At a nonviolence workshop this weekend, we got some tips from Bernard Lafayette, renowned activist, educator and organizer, who cofounded the Student Nonviolent Coordinating Committee in 1960 and worked side by side with Martin Luther King. He shared these principles of nonviolence:

  • Nonviolence is a way of life for courageous people. Far from being a position of “peace at any price” or weakness, nonviolence is a positive force confronting the forces of injustice that uses people’s spiritual, emotional and intellectual capabilities as a vital force for change and reconciliation.

  •  The Beloved Community is the framework for the future. Nonviolence is an effort to achieve a reconciled world by raising the level of relationships among people to a height where justice prevails and people achieve their full human potential.

    A reconciled world where justice prevails…does that sound like anything we’ve talked about here? “Imagine,” said Dr. Lafayette, “if the President of the United States tweeted, ‘the Beloved Community is the framework for the future.’”

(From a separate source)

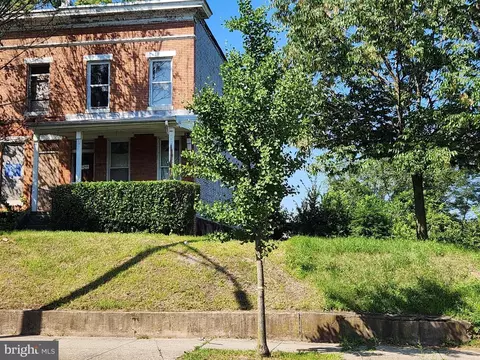 3734 Reisterstown Rd, Baltimore, MD 21215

  • Attack forces of evil, not persons doing evil. This is something we’ve talked about here at New Pilgrims as well. The nonviolent approach analyzes the conditions, policies and practices of conflict rather than reacting to personalities.

  • Here’s a tough one: Accept suffering without retaliation for the sake of the cause. At the workshop we watched a film clip from the lunch counter sit-ins in Birmingham. It had been a long time since I watched those brave young adults suffer beatings, insults and humiliation without retaliation. I hope our children still watch this in high school, as I did. It sends a powerful message. Self-chosen suffering can be redemptive and can deepen the spiritual dimension of a movement.

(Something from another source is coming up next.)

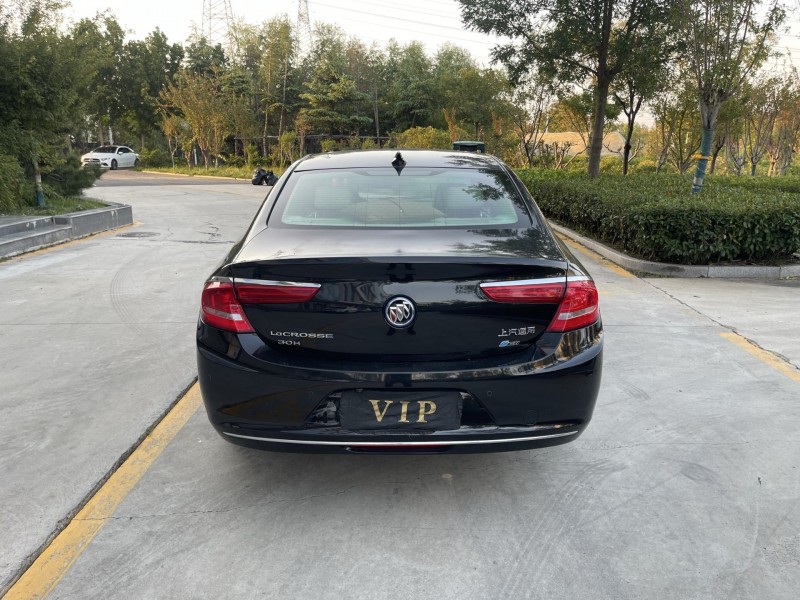 济宁19年别克君越9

  • Avoid internal violence of the spirit as well as external physical violence. This principle gets to the heart of Jesus’ message in the Sermon on the Mount.

    The nonviolent resister refuses to commit violence against an opponent and also refuses to hate the opponent. In the struggle for human dignity, the oppressed must not succumb to the temptation to bitterness and hatred, which only increases the sum total of hatred in the world.

    Love your enemies. Pray for those who persecute you. And tend to your own spirit.

    According to Dr. Lafayette, “Specific activities must be designed to help maintain a high level of spirit and morale during a nonviolent campaign.” It is my prayer and hope that some of what we experience here together in community is a healing and lifting of our spirits.

  • The universe is on the side of justice. If we don’t believe this, what hope is there? This is the basis for all the world’s great religious and humanist movements. Nonviolence creates a moral context in which nonviolence is both the means and the end.

I think Jesus would agree with these principles. In fact, I think he was preaching them in the Sermon on the Mount. But it seems that no matter how faithfully we love our enemies, no matter how effective we become at practicing nonviolence and undermining the foundations of evil, for Jesus that still isn’t enough.

Let’s take another look at that moral prescription from the Sermon on the Mount:

–Turn the other cheek–
–Give your cloak as well as your coat–
–Go the extra mile–
–Give to everyone who begs from you–
 –Do not refuse anyone who wants to borrow from you–
–Love your enemies–
–Pray for those who persecute you–

And – and, “Be perfect, as God is perfect.” Even those who stuck around for the entire Sermon on the Mount, who didn’t try to slip away early or distract themselves from all these admonitions to live and give more selflessly, are probably ready to bail at this point.

Be perfect? Like God? You’ve got to be kidding me.
Jesus has gone too far – is he setting his listeners up for failure, challenging them with an impossible task?

Or, is he giving us a glimpse of the culture of God, offering the possibility that we too may love each other, and the world, with such abundant, unconditional love?